Eu já disse em outro post que nosso elogio da democracia não pode ser acrítico ou otimista à moda poliana. Antes de tudo é preciso consignar que o próprio conceito comporta sentidos — em seu berço, a Grécia antiga, uma sociedade escravista, aliás, estrangeiros e mulheres eram excluídos. Não existe linguagem sem engano, como diz Ítalo Calvino em suas "Cidades invisíveis", é portanto importante definir exatamente o que queremos dizer pelo termo.
Bom, decerto não é a tirania da maioria. O cálculo meramente numérico, no feitio utilitarista, deve ser rejeitado. O cálculo apenas numérico vai dizer que, em uma sala com dez pessoas, oito podem votar que duas devem se jogar pela janela. A maioria decidiu, afinal. É um exemplo tosco, mas apenas para situar as coisas — a maioria decide, ok, mas dentro de parâmetros e respeitados os direitos da minoria.

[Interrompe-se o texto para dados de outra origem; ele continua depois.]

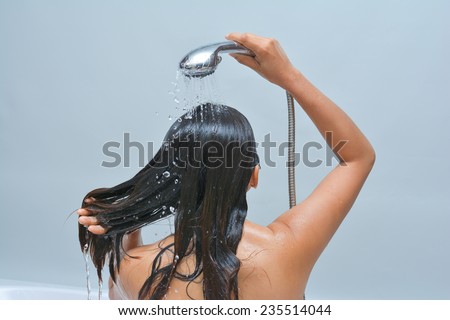 Woman washing her hair with shower, water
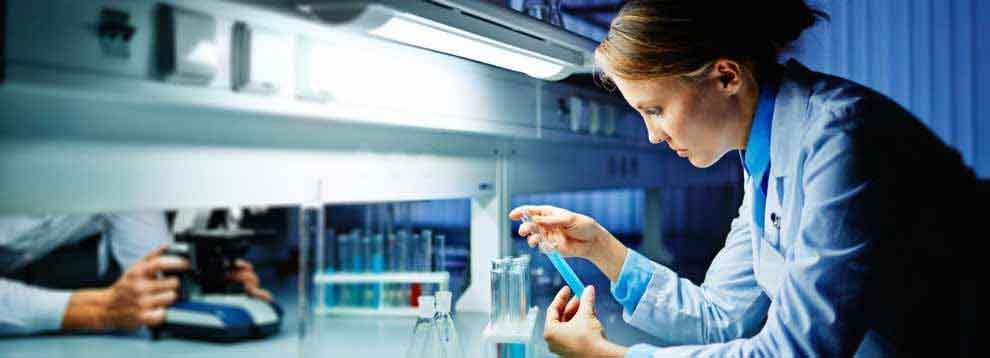 lab-technician-studying-vial-990x358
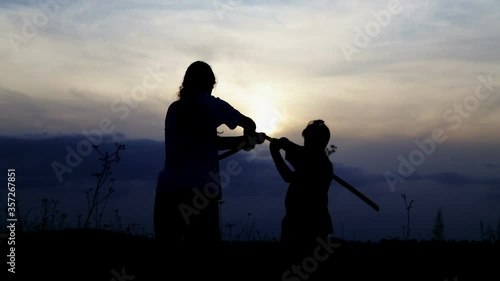 Teenage boys fencing with samurai training swords. Silhouette of exercising children in a field with swords.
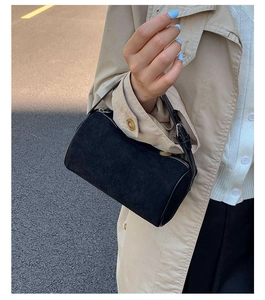 Detail of a black suede cylinder bag with silver zipper and leather strap for women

Incide aqui o papel contramajoritário do Judiciário. O que queremos dizer com isso? Que o Legislativo e o Executivo, apesar de sufragados pela vontade popular — afinal seus membros são eleitos, são escolhidos pelo povo — podem ter seus atos derrubados pelo Judiciário, cujos membros não passam pelo mesmo processo de escolha. Nesse sentido, ao declarar a inconstitucionalidade de uma lei ou ato normativo o Judiciário parece estar indo contra a "vontade da maioria".
Contudo, além da própria Constituição — portanto fruto de representantes populares, o constituinte originário — prever isso, há o fato, mesmo metajurídico, de que a democracia pressupõe não apenas o respeito à vontade da maioria como também o respeito aos direitos e garantias fundamentais das minorias.